Wie sollen mehr junge Lehrer ausgebildet werden wenn an Hochschule wie der PH Heidelberg weiter ein NC gilt???

Palim
6 Jahre zuvor

Die Zahlen sind von 2016, die Kinder sind oder werden schon 2 Jahre alt.
Bis zur Einschulung bleiben noch 4-5 Jahre.

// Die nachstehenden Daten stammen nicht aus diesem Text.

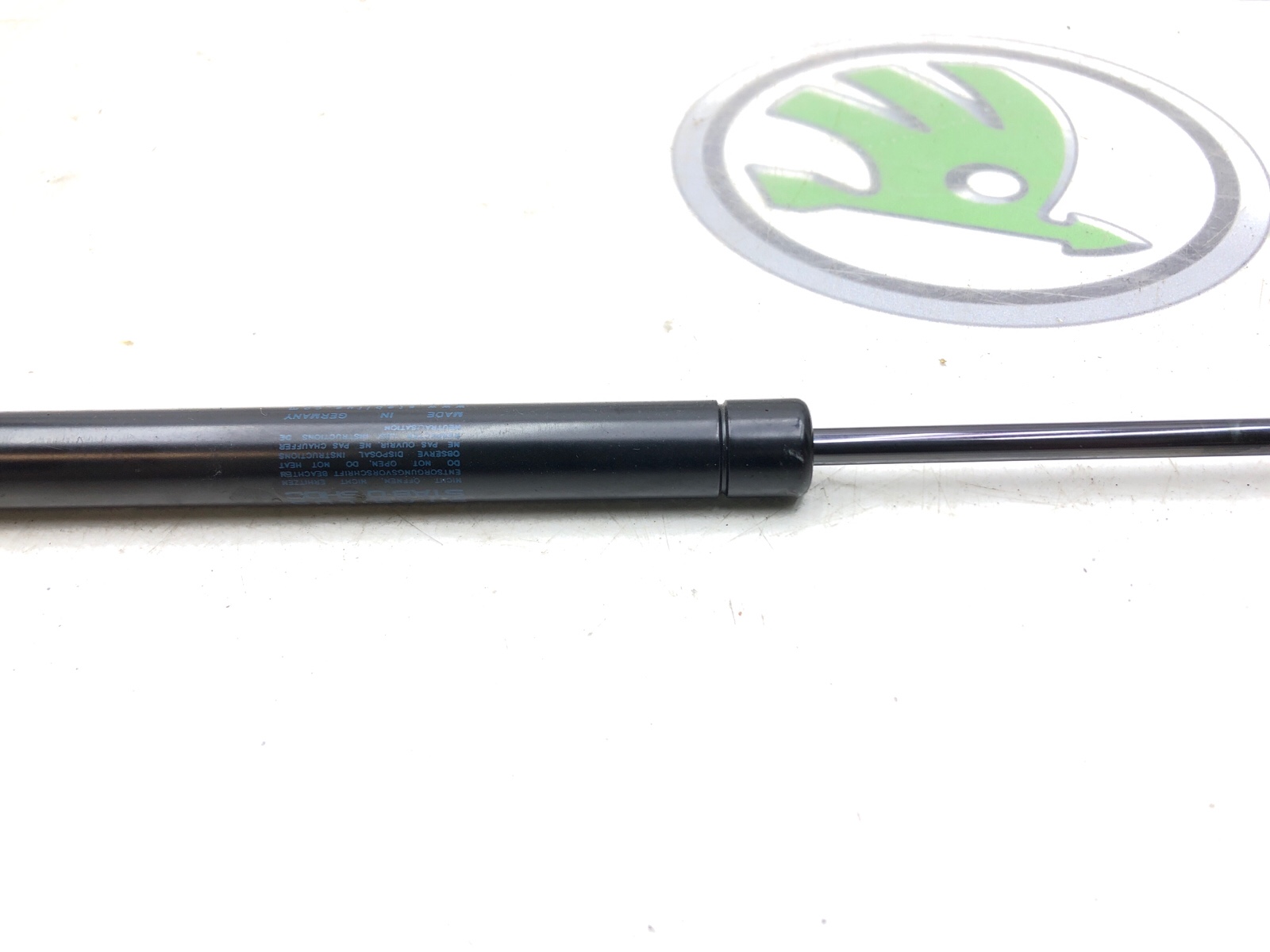 Амортизатор крышки багажника, 2500 рублей, Москва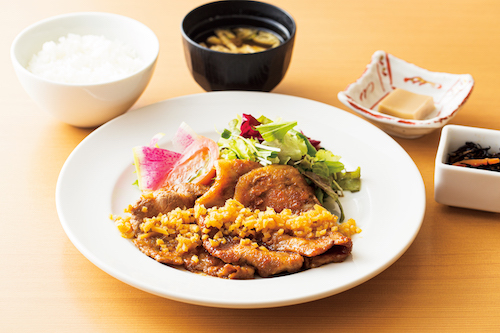 “日本一の焼肉のまち”長野県飯田市の新名所!?
こだわりの味付け肉や焼肉用のお肉などを24時間楽しめる
冷凍自販機「お肉の自販機。」が肉の日(2月9日)に新登場!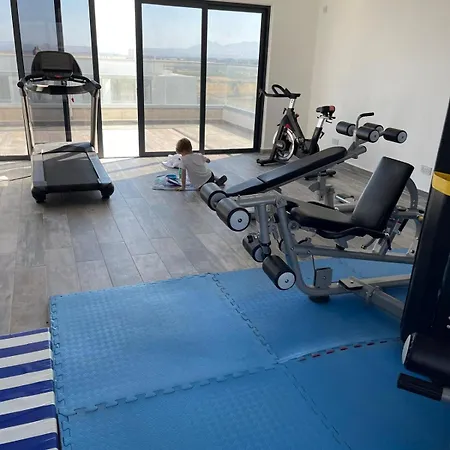 Apartment Penthouse 1 Bedroom Sleeps 4 Ghaziveran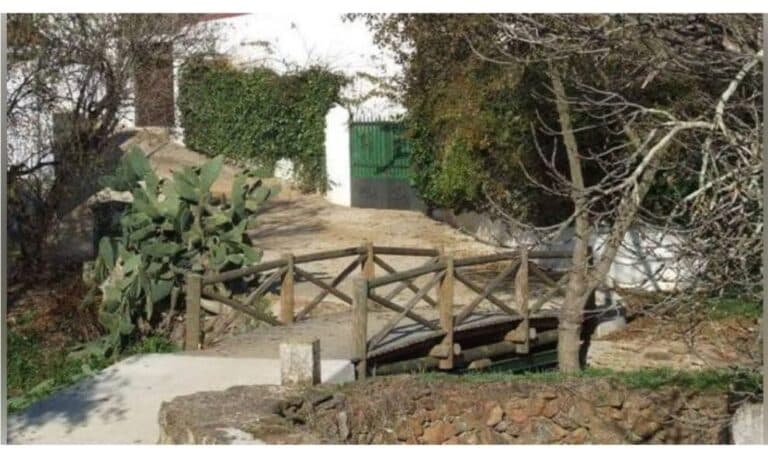 The World’s Smallest International Bridge: A 19-Foot Journey Between Spain and Portugal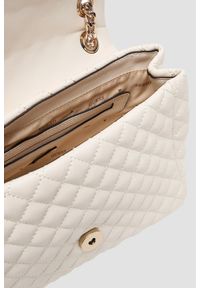 Guess - GUESS Biała kopertówka damska Everlee Convertible. Kolor: biały. Materiał: skórzane #7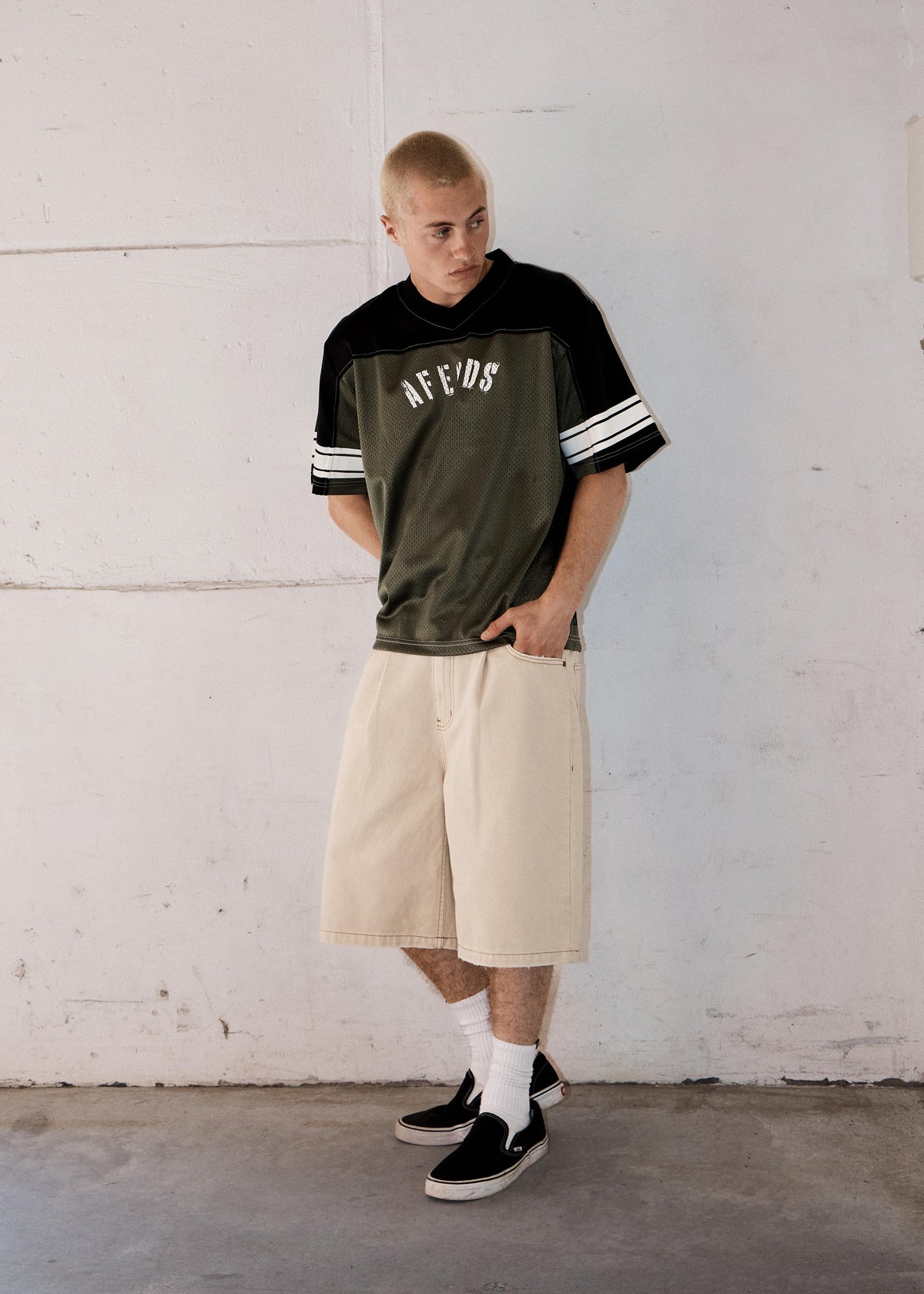 AFENDS Fast Forward - Denim Ultra Baggy Pleated Short 24" - Vintage Sand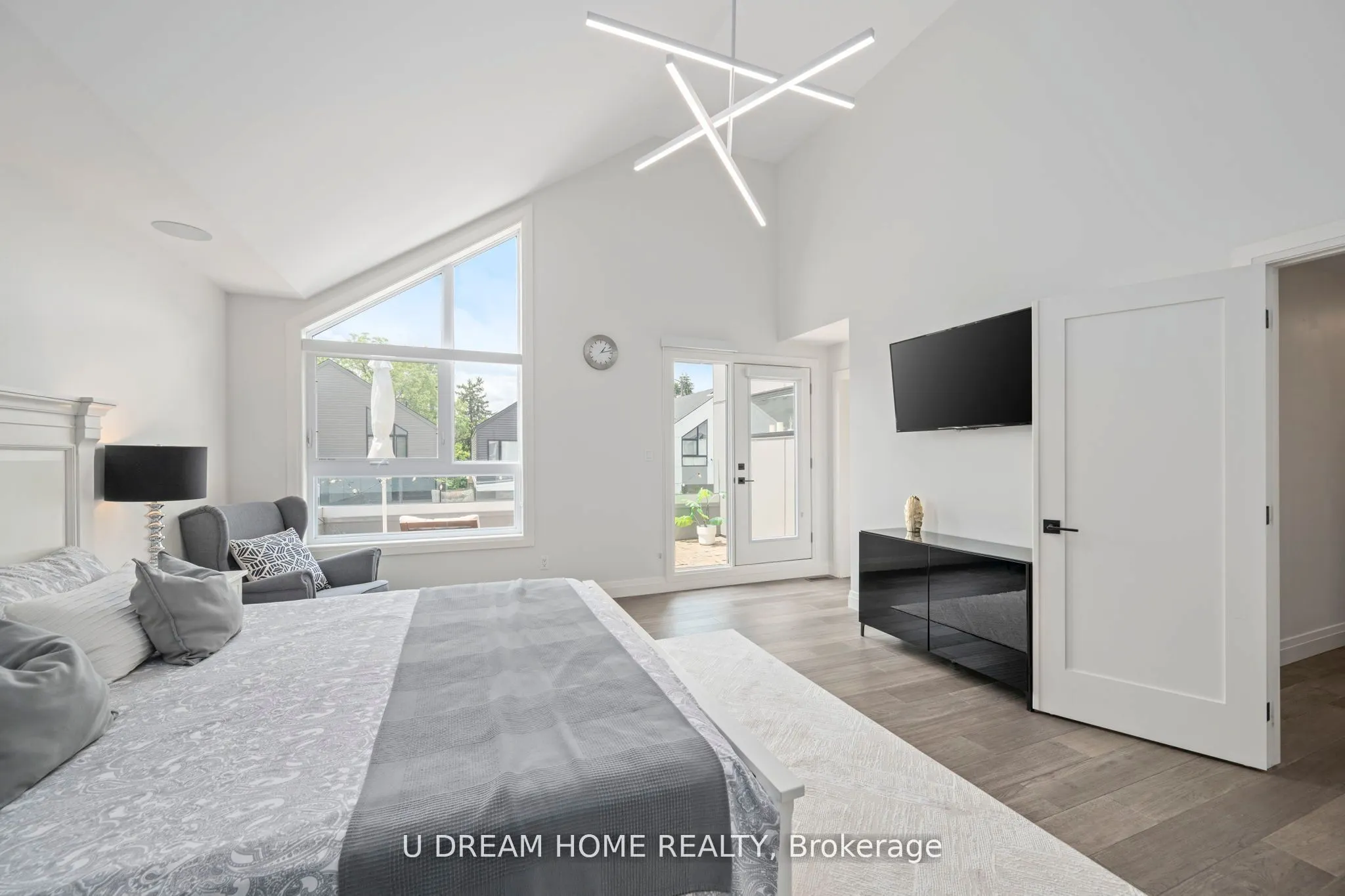 1195 RIVERSIDE Drive, #12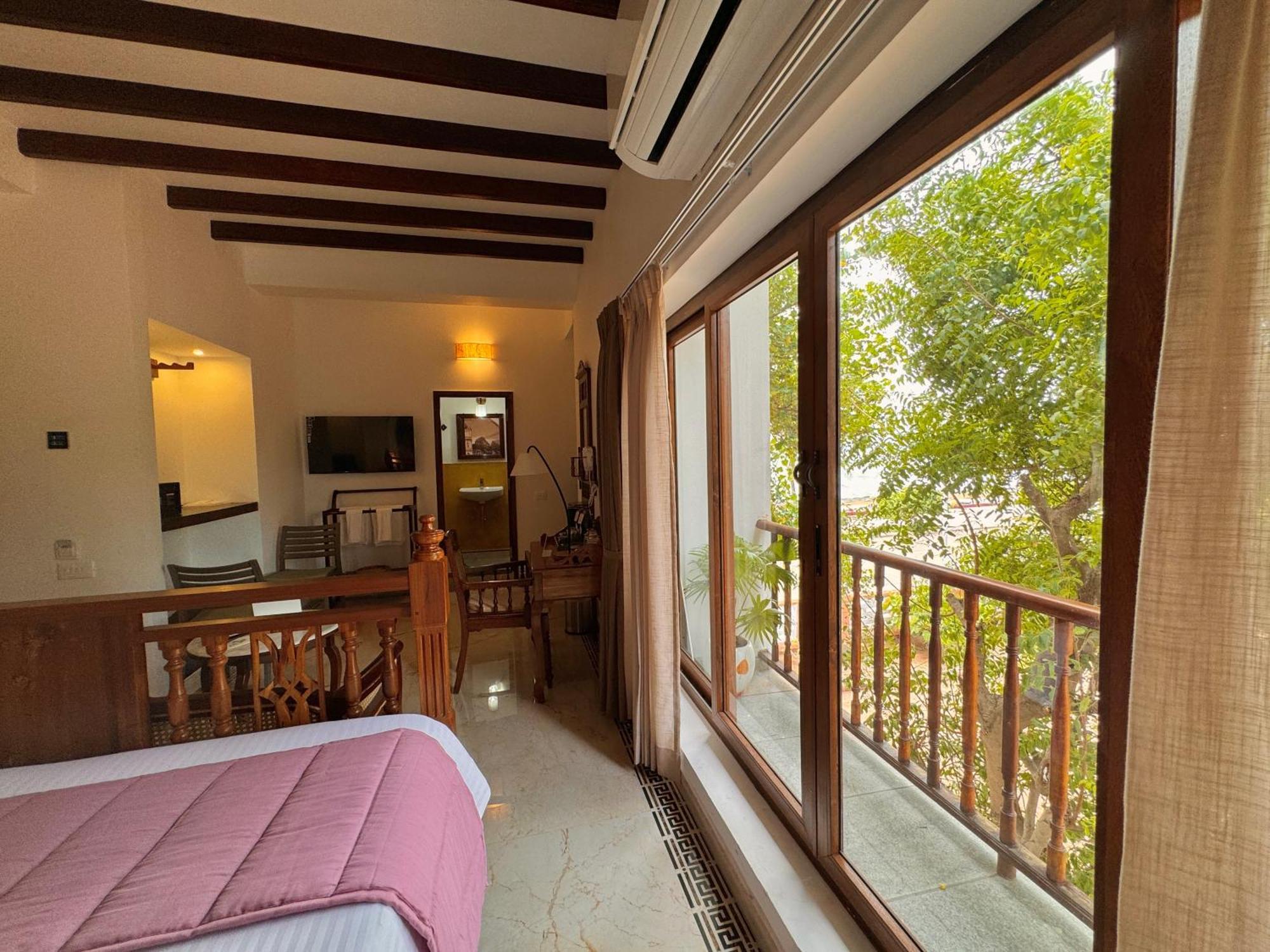 La Plage Seaview Suites Pondicherry Bagian luar foto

Nächstes Jahr können diese Kinder in die Kindergärten gehen, wo ebenfalls dringend Erzieher gesucht werden, deren Ausbildung 3-4 Jahre dauert. siehe https://www.ndr.de/nachrichten/Trotz-Erziehermangel-kaum-Anreize-fuer-Berufsanfaenger,erzieher136.html

Vor dem Hintergrund sollte auch das Verschieben der Sprachförderung vor der Einschulung bewertet werden, die bisher in Nds. Grundschullehrkräfte übernommen haben, im Sommer aber durch (neu einzustellende) Erzieherinnen in den Kitas erfolgen soll. Dafür gibt das Land Geld und reicht das Problem damit an die Kommunen weiter.

xxx
6 Jahre zuvor

Der Babyboom ist leicht zu erklären und hätte vor 40 Jahren schon vorhergesagt werden können:

Die Babyboomer-Generation wird Großeltern. Mehr nicht. Allerdings wird der Boom wesentlich geringer ausfallen als damals.